Amity Delhi revamps attendance system post-suicide in bid for more transparency
Amity Delhi revamps attendance system post-suicide in bid for more transparency

Amity Delhi has moved to a more transparent and stringent system of attendance for students, but is functioning without an official head after student protests following the suicide of student Sushant Rohilla. Rohilla, who was allegedly harassed by the law school’s administration over attendance issues.

The law school now provides all students real time online access to their attendance records through a personal ID which each student can log in to. The attendance is marked strictly in accordance with the Bar Council of India (BCI) rules and Amity’s affiliating university GGSIPU’s rules, read together.

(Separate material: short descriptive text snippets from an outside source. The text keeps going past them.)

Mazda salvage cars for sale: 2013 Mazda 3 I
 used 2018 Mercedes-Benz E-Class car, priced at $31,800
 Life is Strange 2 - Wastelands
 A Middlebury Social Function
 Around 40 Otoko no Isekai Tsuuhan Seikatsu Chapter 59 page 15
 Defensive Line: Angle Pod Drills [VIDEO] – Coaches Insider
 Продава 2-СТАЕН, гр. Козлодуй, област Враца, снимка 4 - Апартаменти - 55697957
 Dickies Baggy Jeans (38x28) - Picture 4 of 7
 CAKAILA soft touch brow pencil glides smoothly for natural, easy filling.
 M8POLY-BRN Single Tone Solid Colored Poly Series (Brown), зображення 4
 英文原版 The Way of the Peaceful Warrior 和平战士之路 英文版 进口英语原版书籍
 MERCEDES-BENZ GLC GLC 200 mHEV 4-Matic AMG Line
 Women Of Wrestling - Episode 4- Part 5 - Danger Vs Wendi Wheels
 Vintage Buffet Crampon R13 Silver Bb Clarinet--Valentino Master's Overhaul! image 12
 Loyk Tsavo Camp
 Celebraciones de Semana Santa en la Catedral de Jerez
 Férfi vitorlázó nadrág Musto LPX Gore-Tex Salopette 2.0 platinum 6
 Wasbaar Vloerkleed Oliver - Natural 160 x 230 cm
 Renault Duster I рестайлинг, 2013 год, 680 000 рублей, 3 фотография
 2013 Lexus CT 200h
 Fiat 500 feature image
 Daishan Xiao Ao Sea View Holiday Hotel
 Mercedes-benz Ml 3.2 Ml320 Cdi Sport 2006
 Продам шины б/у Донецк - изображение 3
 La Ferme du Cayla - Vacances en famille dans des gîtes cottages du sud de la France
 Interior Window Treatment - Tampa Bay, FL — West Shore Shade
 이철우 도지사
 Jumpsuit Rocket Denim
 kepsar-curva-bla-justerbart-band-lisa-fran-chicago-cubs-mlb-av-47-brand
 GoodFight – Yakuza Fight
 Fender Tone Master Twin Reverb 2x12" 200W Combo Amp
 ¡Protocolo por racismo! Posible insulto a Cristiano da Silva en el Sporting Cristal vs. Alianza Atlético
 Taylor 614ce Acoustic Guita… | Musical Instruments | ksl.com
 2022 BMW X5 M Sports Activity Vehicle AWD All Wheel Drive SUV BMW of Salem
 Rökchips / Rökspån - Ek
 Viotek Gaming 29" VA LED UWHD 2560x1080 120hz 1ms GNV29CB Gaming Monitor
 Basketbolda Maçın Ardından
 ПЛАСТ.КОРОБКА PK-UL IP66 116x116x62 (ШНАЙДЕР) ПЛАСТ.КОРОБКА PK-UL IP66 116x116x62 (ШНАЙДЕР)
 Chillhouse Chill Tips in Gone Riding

- Also read: Background on the aftermath of Rohilla’s suicide.

Amity devised the system of online real-time access to attendance records, over the last month, in response to a public interest litigation filed in the Delhi high court, against Amity, by its 2012 alumni Divyadeep Chaturvedi.

Chaturvedi had not asked for an online system to be put in place but he had prayed for directions to Amity to devise a transparent system of attendance. He had also challenged Amity’s practice of making all its students sign an undertaking annually, in which they would waive their right to challenge detention if their attendance was below a certain percentage.

Chaturvedi had also asked the court to make it mandatory for colleges to appoint a student counselor to guide students on personal academic and other problems and prevent stressful situations such as in Rohilla’s case. However he didn’t press this prayer after the Supreme Court took suo moto cognisance of a letter written to the Chief Justice of India by Rohilla’s classmate, in which the classmate had alleged that Rohilla faced harassment at the hands of a faculty member and Amity’s administration.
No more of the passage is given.